Now in saying that, I am not trying to diminish or deny the power of racism, which is obviously very strong. Quite to the contrary, I am simply saying it is a power we can eradicate if we try. As the famous “blue eyes” vs. “brown eyes” experiment showed, people can divide themselves into groups over the silliest things. And if one group is privileged over another, then really ugly things tend to develop. This is why I said, in my last post, the racism won’t go away by itself by just ignoring it: it will require a serious, long-term, focused effort to tear it down. Systemic racism was an intentional creation and only intentional effort can deconstruct it.

So, when Trump cries out that ‘Democrats and blacks are trying to destroy our heritage’ he doesn’t mean destroying our real history. He means that they are trying to deconstruct this notion of white heritage. The other parts of that heritage (the part that whites got and blacks didn’t) is the money, land, privilege, and power.

I can easily see a day when the same people who cry out to save the statues because they are part of our heritage cry out that government money shouldn’t be used to fund slavery museums. That would be because, in those museums, the statues would no longer serve the purpose of symbolizing “heritage” and simply become part of a sordid history.

Symbols are powerful things. That is why, when the Soviet system collapses in the late 1980s, Americans celebrated the fact that statues of Soviet heroes were pulled down. It is also why, when US troops entered Baghdad in 2003, one of the first things they did was pull down the statue of Saddam Hussein. They also stood by and watched as Iraq’s rich cultural museums were looted. In neither case did I ever hear much talk about preserving art or heritage.

Slavery in the US was certainly as ugly as Soviet rule or the regime of Saddam Hussein. It also lasted much longer. As a symbol of that ugly and unfair heritage, and a visible sign of the effort to actually reassert white supremacy, the Confederate monuments need to come down.
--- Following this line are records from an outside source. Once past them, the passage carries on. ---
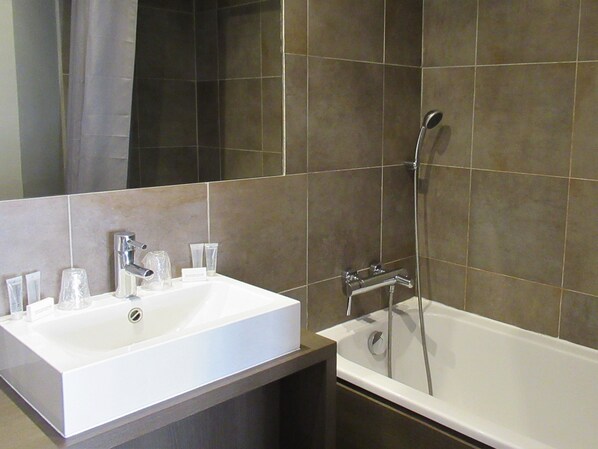 Une salle de bain avec un lavabo blanc, un miroir et une baignoire.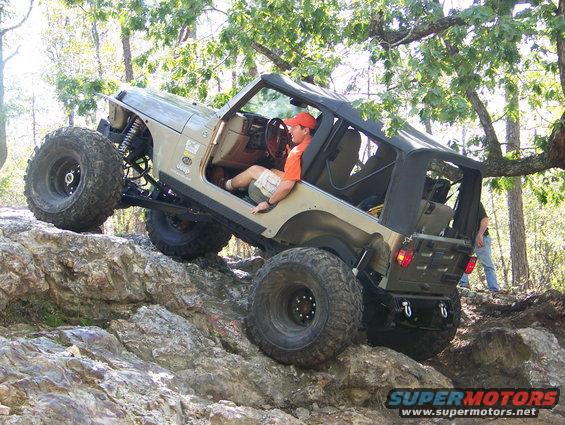 Jeep Wrangler with large tires climbing over rocks, driver wearing an orange hat
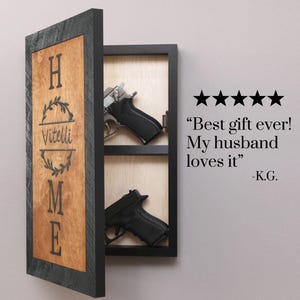 May include: A wooden wall-mounted gun cabinet with a black frame and a light brown interior. The cabinet door has the word "HOME" and the name "Vitelli" engraved on it. Two handguns are visible inside the cabinet.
They should be remembered for what they are—monuments to a set of traitors who launched a brutal civil war, and a wink and a nod to an abhorrent institution that continues to haunt our nation.

Recently, a brilliant young black academic named Caroline Randall Williams wrote a blistering op-ed in the New York Times. She wrote, “I have rape-colored skin. My light-brown-blackness is a living testament to the rules, the practices, the causes of the Old South…You want a Confederate monument? My body is a confederate monument. The black people I come from were owned and raped by the white people I come from. Who dares tell me to celebrate them?”

Later on, she points out that the white masters never took responsibility for the resulting children—they just added them to their inventory of slaves…This is a truly heart wrenching history to think about. That is her inheritance. It is also something we all need to think about if we are going to really change the problem of racism in our country.